▶ _Work request_
Since the pictures are not wanted, retype the listing below exactly and without them.

▶ _Provided material_
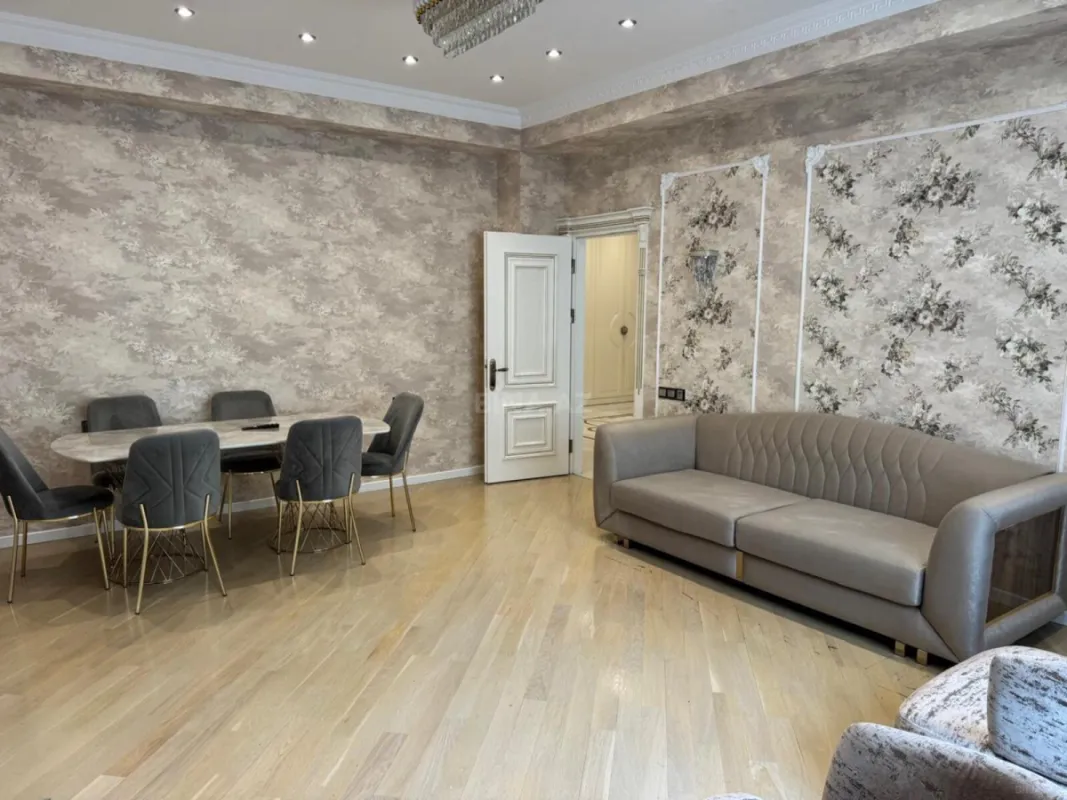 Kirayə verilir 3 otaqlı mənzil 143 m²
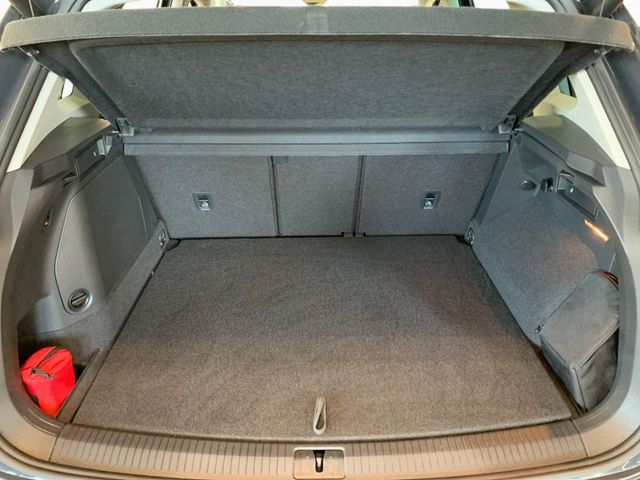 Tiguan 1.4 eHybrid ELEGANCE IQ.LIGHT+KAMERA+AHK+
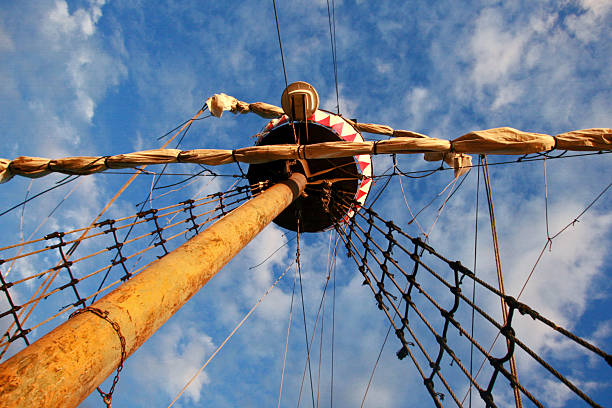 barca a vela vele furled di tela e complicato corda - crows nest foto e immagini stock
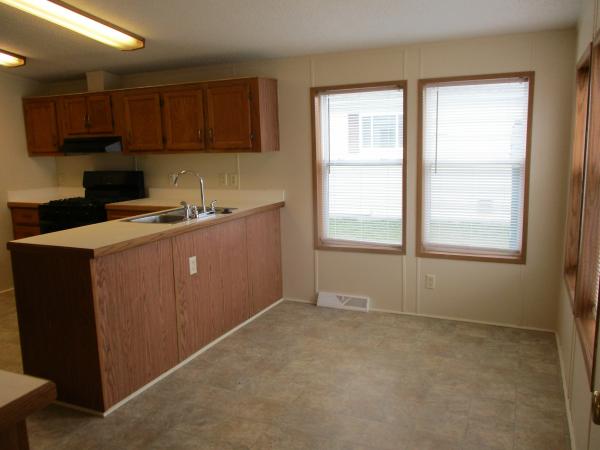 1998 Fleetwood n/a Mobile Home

▶ _Answer space_
 Kirayə verilir 3 otaqlı mənzil 143 m²
 Tiguan 1.4 eHybrid ELEGANCE IQ.LIGHT+KAMERA+AHK+
 barca a vela vele furled di tela e complicato corda - crows nest foto e immagini stock
 1998 Fleetwood n/a Mobile Home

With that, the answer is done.